[Data records]
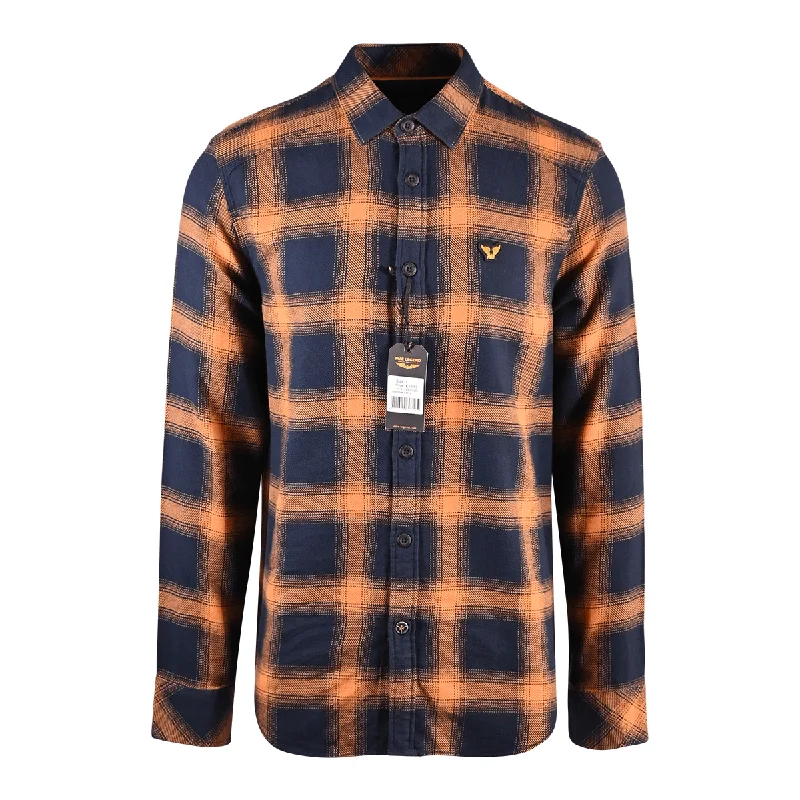 PME Legend Men's Shirt Black & Orange Woven Long Sleeve (S01)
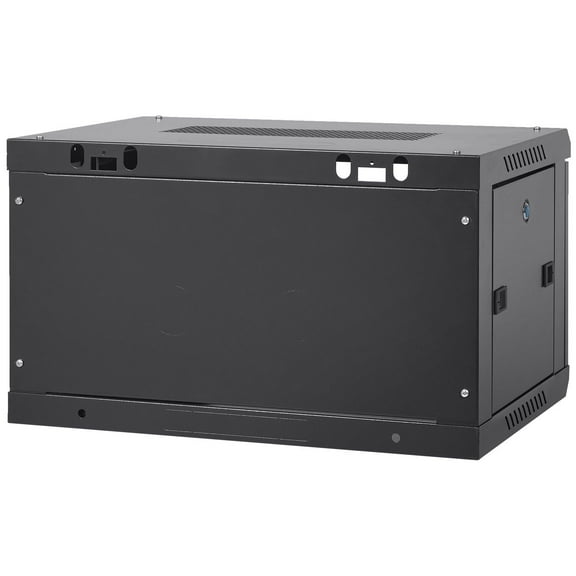 6U Network Server Rack Enclosure, 15.5'' Deep Wall Mount Cabinet, Glass Door, 200 lbs Load - for IT & A/V Devices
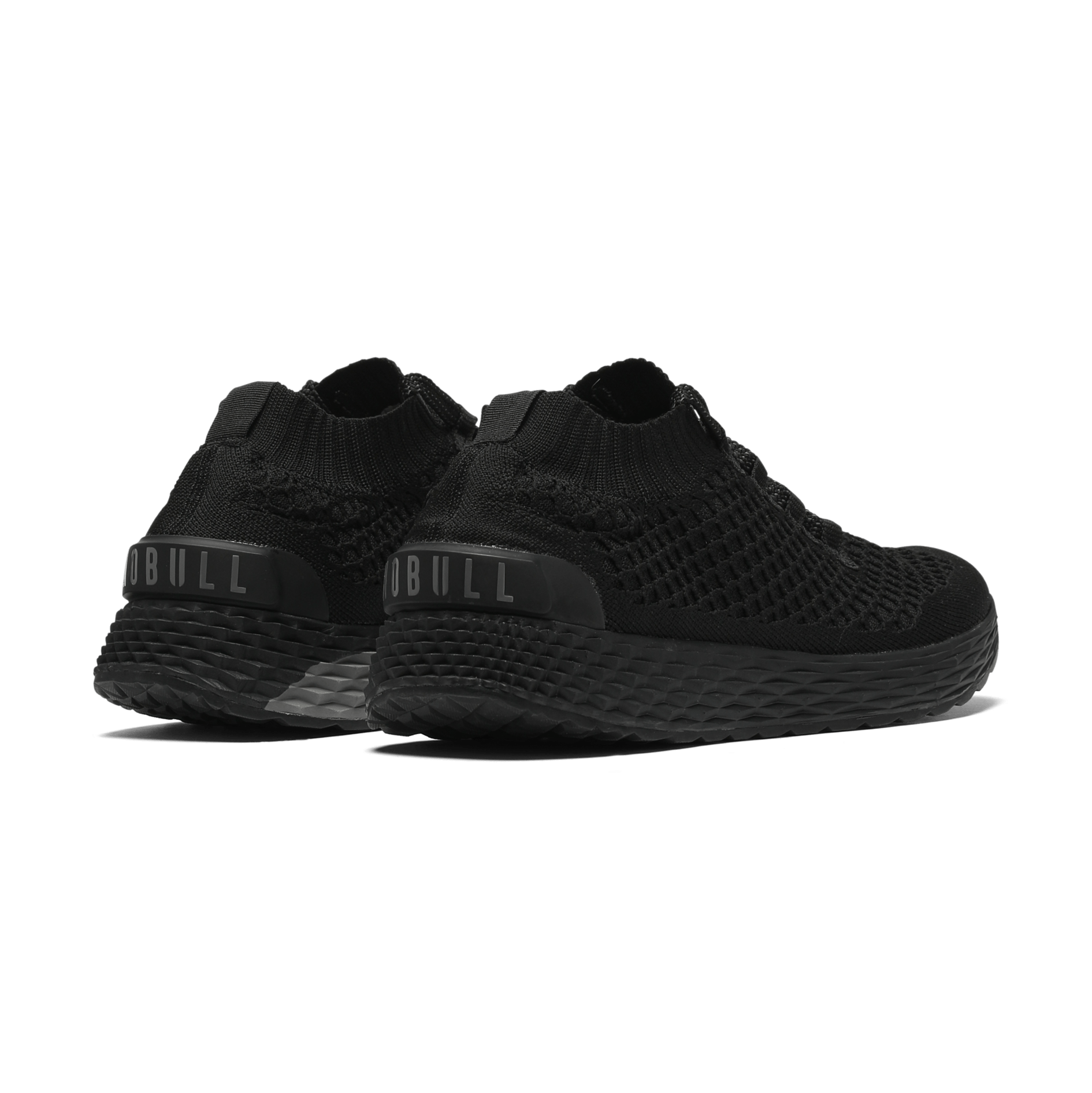 Men's Black Allday Knit Shoes Back Side Angle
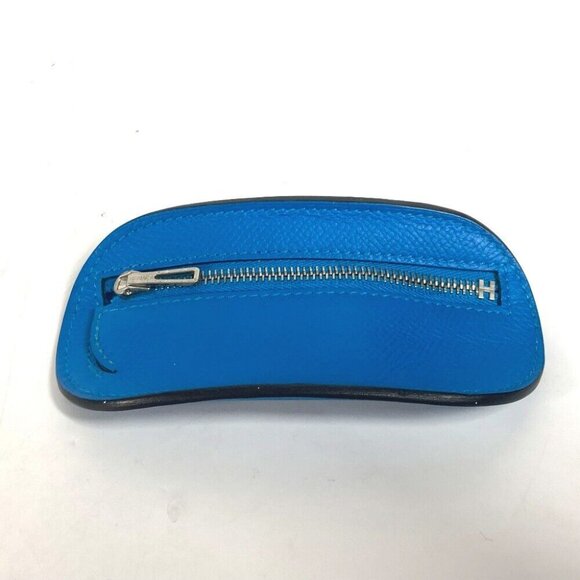 HERMES SURF Wallet Coin Compartment coin purse Epsom blue/SilverHardware - Picture 1 of 10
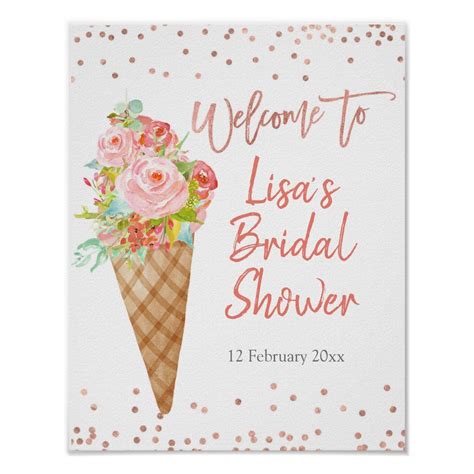 Ice Cream Shes Been Scooped Bridal Shower Welcome Poster Zazzle Bridal Shower Bridal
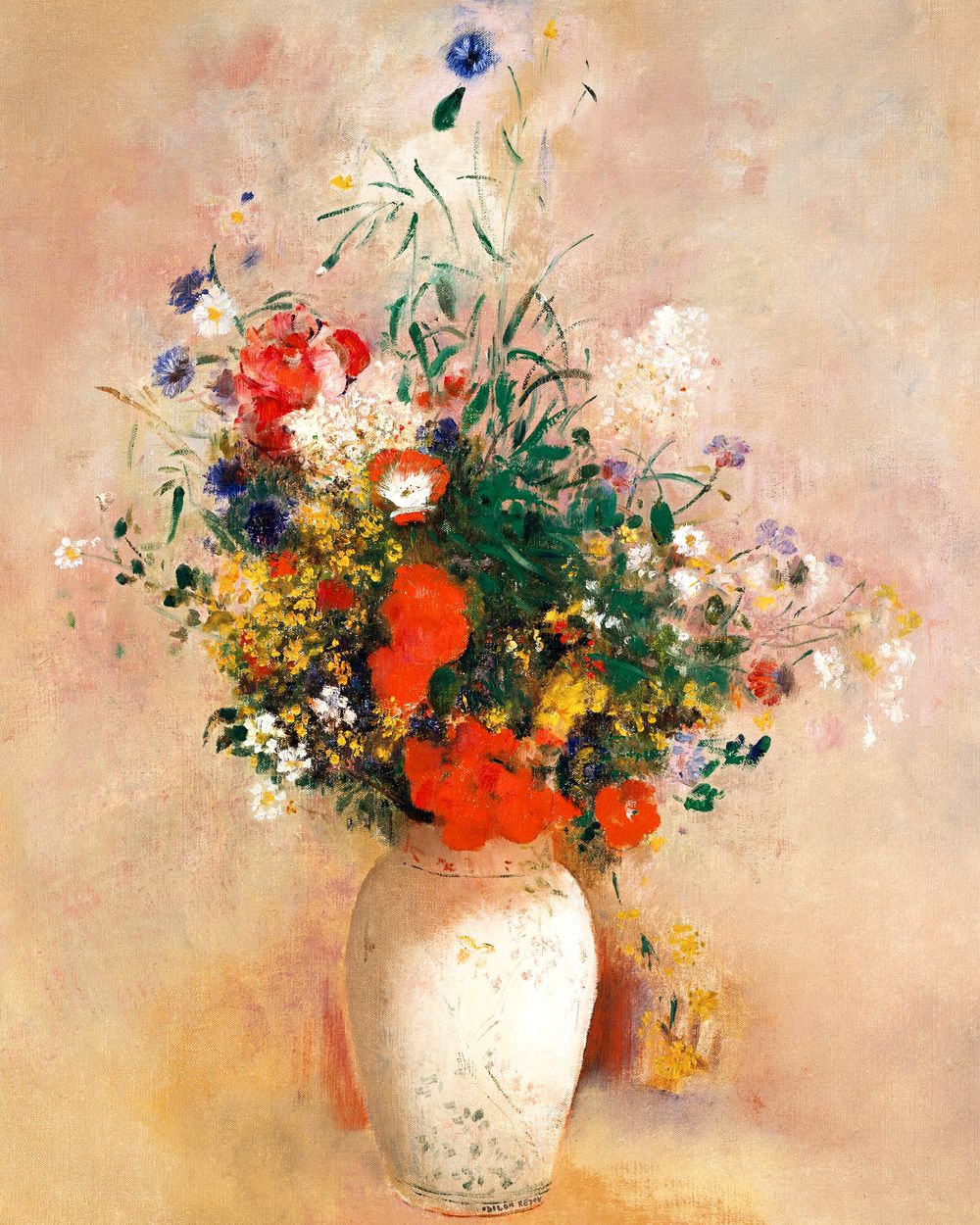 Paint by numbers | Flower vase - Odilon Redon | flowers intermediate new arrivals reproduction | Figured'Art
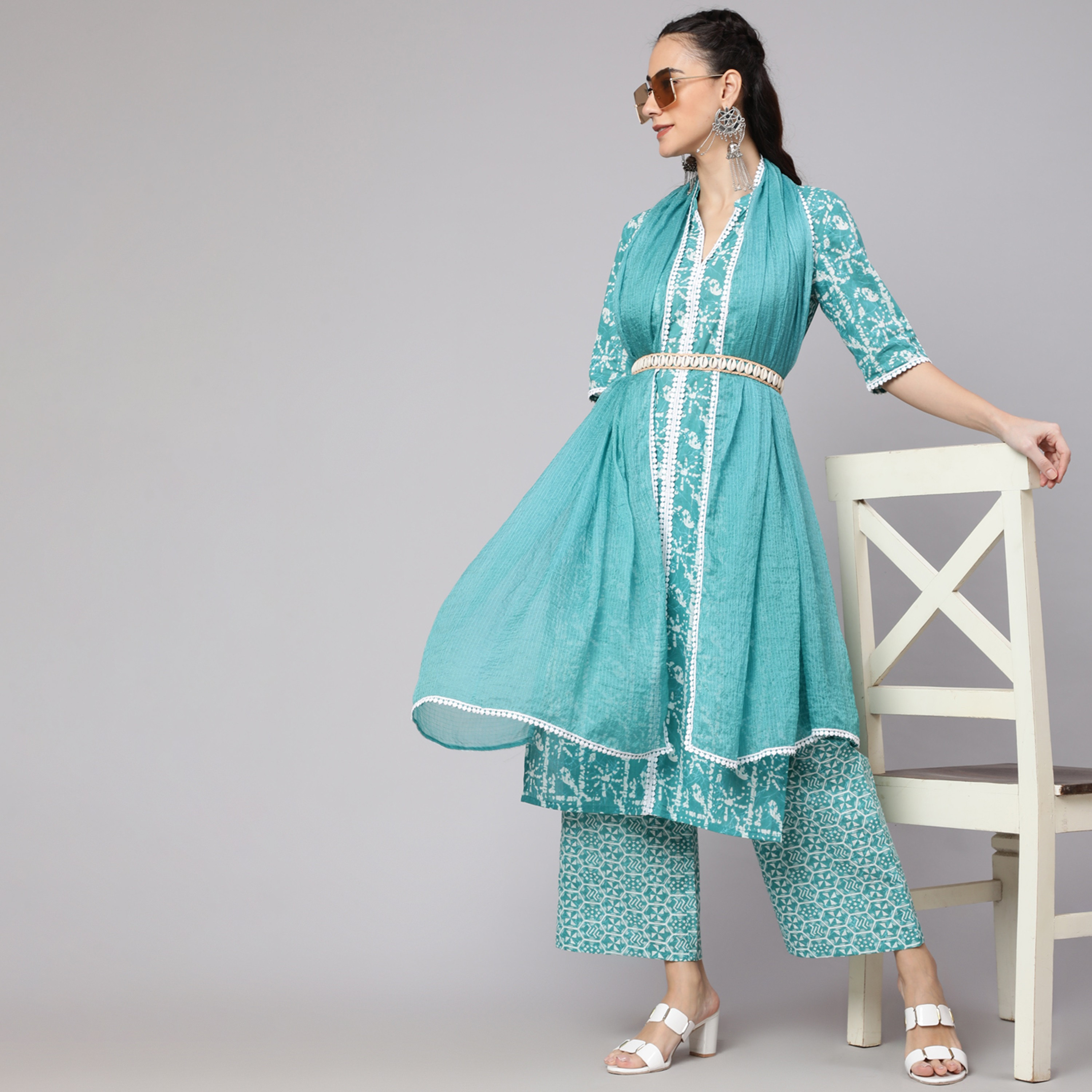 كورتا مستقيمة بياقة الماندارين المطبوعة مع بلازو ودوباتا مطبوعتين من أكس-women-clothing-ethnicwear-salwarsuits-image-6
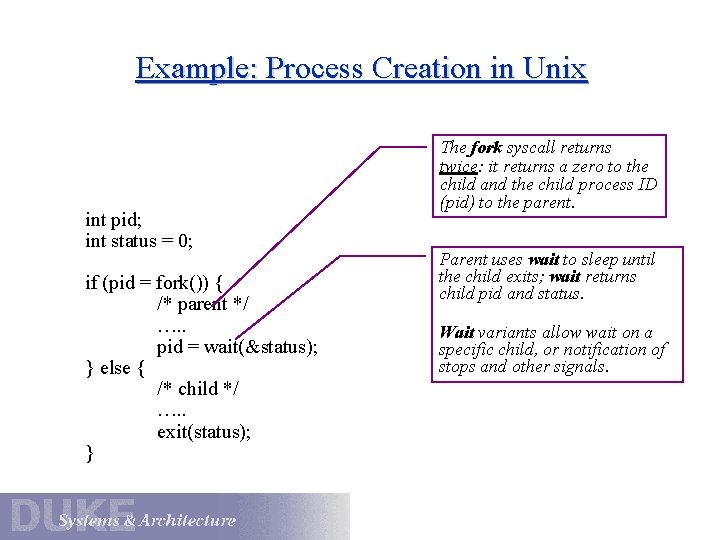 Example: Process Creation in Unix int pid; int status = 0; if (pid =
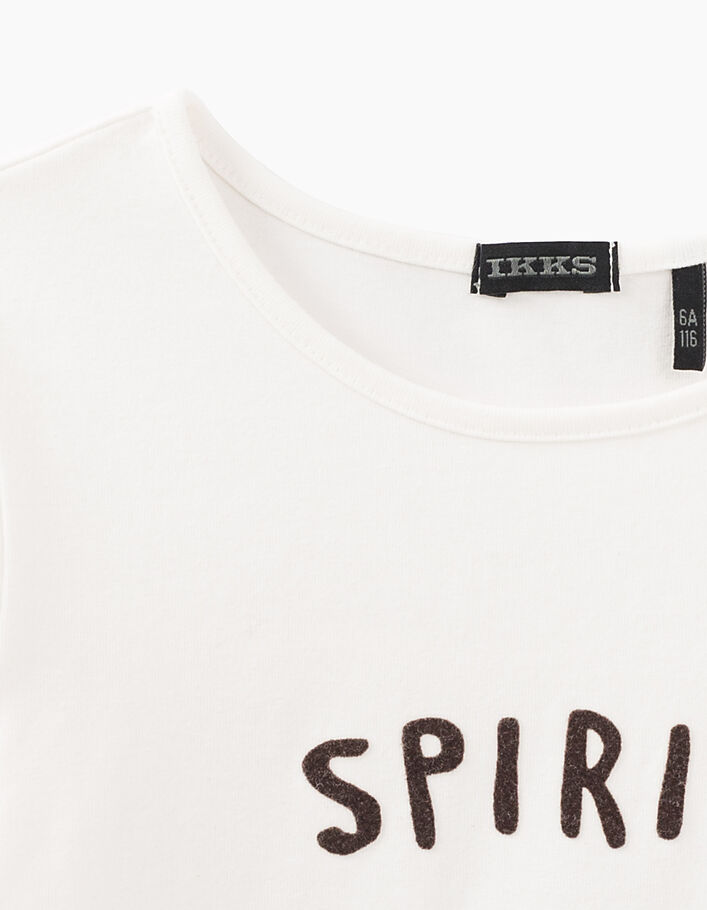 Camiseta blanco roto Love, free, spirit con tigres niña - IKKS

- **The problem**
Each entry, word for word, belongs in your answer; each picture does not.

- **Response to this exercise**
 PME Legend Men's Shirt Black & Orange Woven Long Sleeve (S01)
 6U Network Server Rack Enclosure, 15.5'' Deep Wall Mount Cabinet, Glass Door, 200 lbs Load - for IT & A/V Devices
 Men's Black Allday Knit Shoes Back Side Angle
 HERMES SURF Wallet Coin Compartment coin purse Epsom blue/SilverHardware - Picture 1 of 10
 Ice Cream Shes Been Scooped Bridal Shower Welcome Poster Zazzle Bridal Shower Bridal
 Paint by numbers | Flower vase - Odilon Redon | flowers intermediate new arrivals reproduction | Figured'Art
 كورتا مستقيمة بياقة الماندارين المطبوعة مع بلازو ودوباتا مطبوعتين من أكس-women-clothing-ethnicwear-salwarsuits-image-6
 Example: Process Creation in Unix int pid; int status = 0; if (pid =
 Camiseta blanco roto Love, free, spirit con tigres niña - IKKS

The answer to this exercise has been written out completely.